What do we need for FDW in 9.3? Want discussion of what to implement. Hanada is working on pgsql_fdw. Wants this in the core distribution, to replace dblink. Currently FDWs are read-only so users still need dblink. There is a list of features Hanada wants to implement.

One issue is naming. Currently we already have postgresql_fdw in core, which is used by dblink. Proposed pgsql_fdw, but that doesn't fit our naming conventions. We should maybe rename the dblink one to dblink_fdw. There is also an issue around options where it should consult libpq on what options are supported. Since the function name conflicts are internal, this would only mess with pgupgrade.

Features include:
* writeable FDWs
* aggregation pushdown
* table sorting pushdown
* table inheritance with FDW
* constraint support on foreign tables

Writeable FDW is the most interesting feature. One issue is transaction control, suggestion is that it's the responsibility of the FD module to control transactions, not PostgreSQL. Two ways to do it: one is that every write to a FT is an autocommit transaction. The other option is that the FT commits when you commit your local transaction. SQL Server automatically does two-phase commit. But it might be better for a first version not to have any transaction control.

We will implement with no remote transaction control for the version for 9.3. Plus distributed transactions have lots of interesting failure conditions.

KaiGai plans to get pgsql_fdw into the first CF so that we can play with it.

=== Parallel Query ===

Everyone run screaming from the room. First, understand that not everyone is I/O bound. There are cases where the system is primarily memory or CPU-constrained. If you have a handful of very complex queries which are primarily memory-bound, but we're not always I/O constrained, we need to look at ways to parallelize memory/CPU-constrained systems. We need to start looking incrementally with how we can do some things in parallel.

Already-completed parallel pg_dump is an example of this. We need more cases where we can surgically parallelize stuff. Josh brought up the issue of PostGIS queries which need CPU parallelism. Greg brought up 48-core server with 256GB of RAM for a 100GB server. If we can get 4 CPUs, we get better memory bandwidth. We're sometimes memory-bound because of non-sharable memory bandwidth. Bruce told story of Informix 6's parallelism disaster.

We need a task list of individual tasks we could parallelize instead of parallelizing everything. We do need a general "helper process" infrastructure so that we can hand work off to them. Simon is working on the parallel worker tasks now.

Bruce and Greg discussed Greenplum's history. The way we generate query plans makes this hard, since it's kind of a "pull" basis: "gimme a tuple". If our query plan was a task list it would be easier. MPP systems have plans where they look at which steps can be parallelized and what they cost.

The hard stuff is in the optimizer. Creating a cost model is really difficult. Peter brought up the Intel threading building blocks as a generalized parallelism case with a graph dependency. It has this thing called "task stealing". The classic parallelism case is video rendering, but our tasks are not like that. We need one-off cases for each task.

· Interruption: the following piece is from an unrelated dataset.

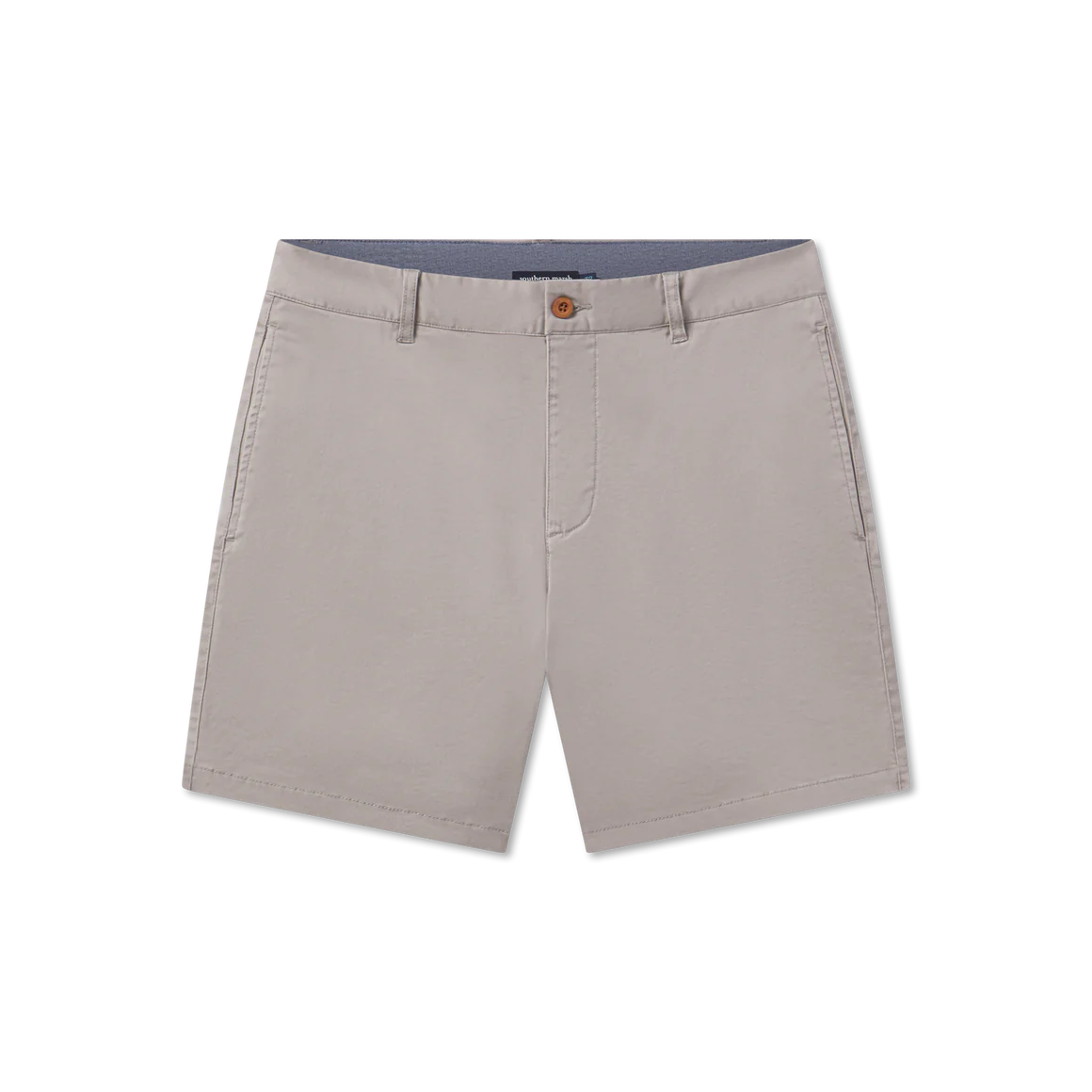 Southern Marsh Men's Regatta Stretch Short Light Gray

It's like the Windows port in terms of scope and complexity. This is different from the Windows port, in that we can do it piecemeal, but we need to decide to go down the road of additional complexity. Dimitri suggested exposing the executor as a virtual machine. A lot of stuff is different. Josh suggested starting with parallel index build as the easiest single task with solid benefit. Bruce points out the even simpler case is to build several indexes in parallel over the same scan.

Additional items that can be parallelized:

* Redo
* Vacuum
* Logical dump
* Sorting
* Scans

=== MERGE ===

Peter hasn't done as much with this as he expected so far, but plans to get something done for 9.3. What's the best way to solve this problem? Josh spoke about the need for atomic UPSERT, Peter agrees that that's a good version 1 goal.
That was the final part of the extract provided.